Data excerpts
========
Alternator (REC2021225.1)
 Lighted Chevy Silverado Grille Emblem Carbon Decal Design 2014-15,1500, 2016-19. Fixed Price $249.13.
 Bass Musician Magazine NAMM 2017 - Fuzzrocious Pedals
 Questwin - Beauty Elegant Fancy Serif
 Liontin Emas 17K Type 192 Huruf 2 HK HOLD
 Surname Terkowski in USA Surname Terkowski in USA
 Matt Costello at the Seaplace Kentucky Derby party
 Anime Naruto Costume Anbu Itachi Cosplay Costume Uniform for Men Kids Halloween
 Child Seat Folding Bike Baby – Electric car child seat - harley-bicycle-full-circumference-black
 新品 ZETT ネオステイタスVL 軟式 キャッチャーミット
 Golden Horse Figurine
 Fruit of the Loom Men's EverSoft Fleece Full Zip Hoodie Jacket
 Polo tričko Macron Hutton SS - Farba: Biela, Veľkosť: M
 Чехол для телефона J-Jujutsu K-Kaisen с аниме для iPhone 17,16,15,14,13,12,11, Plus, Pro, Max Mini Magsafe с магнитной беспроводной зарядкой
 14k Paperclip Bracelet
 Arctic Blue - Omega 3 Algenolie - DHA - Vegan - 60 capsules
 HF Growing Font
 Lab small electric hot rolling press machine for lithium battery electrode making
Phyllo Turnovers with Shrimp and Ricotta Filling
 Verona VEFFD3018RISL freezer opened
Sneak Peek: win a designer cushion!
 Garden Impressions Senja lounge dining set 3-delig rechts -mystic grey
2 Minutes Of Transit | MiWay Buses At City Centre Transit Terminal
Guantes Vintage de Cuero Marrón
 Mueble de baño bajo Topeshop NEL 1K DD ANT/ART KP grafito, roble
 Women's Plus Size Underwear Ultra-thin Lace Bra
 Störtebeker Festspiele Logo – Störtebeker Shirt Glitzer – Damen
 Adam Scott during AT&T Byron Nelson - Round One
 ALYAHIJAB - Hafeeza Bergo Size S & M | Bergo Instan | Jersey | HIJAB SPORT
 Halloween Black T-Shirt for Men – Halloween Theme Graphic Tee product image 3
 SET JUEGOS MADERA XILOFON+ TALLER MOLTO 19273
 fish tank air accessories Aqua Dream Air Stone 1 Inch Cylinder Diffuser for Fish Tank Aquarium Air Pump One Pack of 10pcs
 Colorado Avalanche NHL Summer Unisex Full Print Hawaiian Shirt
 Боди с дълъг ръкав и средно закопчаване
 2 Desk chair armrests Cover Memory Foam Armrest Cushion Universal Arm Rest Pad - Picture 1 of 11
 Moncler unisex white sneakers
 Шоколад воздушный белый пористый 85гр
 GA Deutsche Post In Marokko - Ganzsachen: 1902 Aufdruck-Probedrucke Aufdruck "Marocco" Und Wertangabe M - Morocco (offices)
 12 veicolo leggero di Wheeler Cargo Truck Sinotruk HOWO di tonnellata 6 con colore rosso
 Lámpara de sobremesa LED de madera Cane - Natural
========
Work instructions: Transcribe the lines above precisely, keeping each one unchanged.

Output below:
Alternator (REC2021225.1)
 Lighted Chevy Silverado Grille Emblem Carbon Decal Design 2014-15,1500, 2016-19. Fixed Price $249.13.
 Bass Musician Magazine NAMM 2017 - Fuzzrocious Pedals
 Questwin - Beauty Elegant Fancy Serif
 Liontin Emas 17K Type 192 Huruf 2 HK HOLD
 Surname Terkowski in USA Surname Terkowski in USA
 Matt Costello at the Seaplace Kentucky Derby party
 Anime Naruto Costume Anbu Itachi Cosplay Costume Uniform for Men Kids Halloween
 Child Seat Folding Bike Baby – Electric car child seat - harley-bicycle-full-circumference-black
 新品 ZETT ネオステイタスVL 軟式 キャッチャーミット
 Golden Horse Figurine
 Fruit of the Loom Men's EverSoft Fleece Full Zip Hoodie Jacket
 Polo tričko Macron Hutton SS - Farba: Biela, Veľkosť: M
 Чехол для телефона J-Jujutsu K-Kaisen с аниме для iPhone 17,16,15,14,13,12,11, Plus, Pro, Max Mini Magsafe с магнитной беспроводной зарядкой
 14k Paperclip Bracelet
 Arctic Blue - Omega 3 Algenolie - DHA - Vegan - 60 capsules
 HF Growing Font
 Lab small electric hot rolling press machine for lithium battery electrode making
Phyllo Turnovers with Shrimp and Ricotta Filling
 Verona VEFFD3018RISL freezer opened
Sneak Peek: win a designer cushion!
 Garden Impressions Senja lounge dining set 3-delig rechts -mystic grey
2 Minutes Of Transit | MiWay Buses At City Centre Transit Terminal
Guantes Vintage de Cuero Marrón
 Mueble de baño bajo Topeshop NEL 1K DD ANT/ART KP grafito, roble
 Women's Plus Size Underwear Ultra-thin Lace Bra
 Störtebeker Festspiele Logo – Störtebeker Shirt Glitzer – Damen
 Adam Scott during AT&T Byron Nelson - Round One
 ALYAHIJAB - Hafeeza Bergo Size S & M | Bergo Instan | Jersey | HIJAB SPORT
 Halloween Black T-Shirt for Men – Halloween Theme Graphic Tee product image 3
 SET JUEGOS MADERA XILOFON+ TALLER MOLTO 19273
 fish tank air accessories Aqua Dream Air Stone 1 Inch Cylinder Diffuser for Fish Tank Aquarium Air Pump One Pack of 10pcs
 Colorado Avalanche NHL Summer Unisex Full Print Hawaiian Shirt
 Боди с дълъг ръкав и средно закопчаване
 2 Desk chair armrests Cover Memory Foam Armrest Cushion Universal Arm Rest Pad - Picture 1 of 11
 Moncler unisex white sneakers
 Шоколад воздушный белый пористый 85гр
 GA Deutsche Post In Marokko - Ganzsachen: 1902 Aufdruck-Probedrucke Aufdruck "Marocco" Und Wertangabe M - Morocco (offices)
 12 veicolo leggero di Wheeler Cargo Truck Sinotruk HOWO di tonnellata 6 con colore rosso
 Lámpara de sobremesa LED de madera Cane - Natural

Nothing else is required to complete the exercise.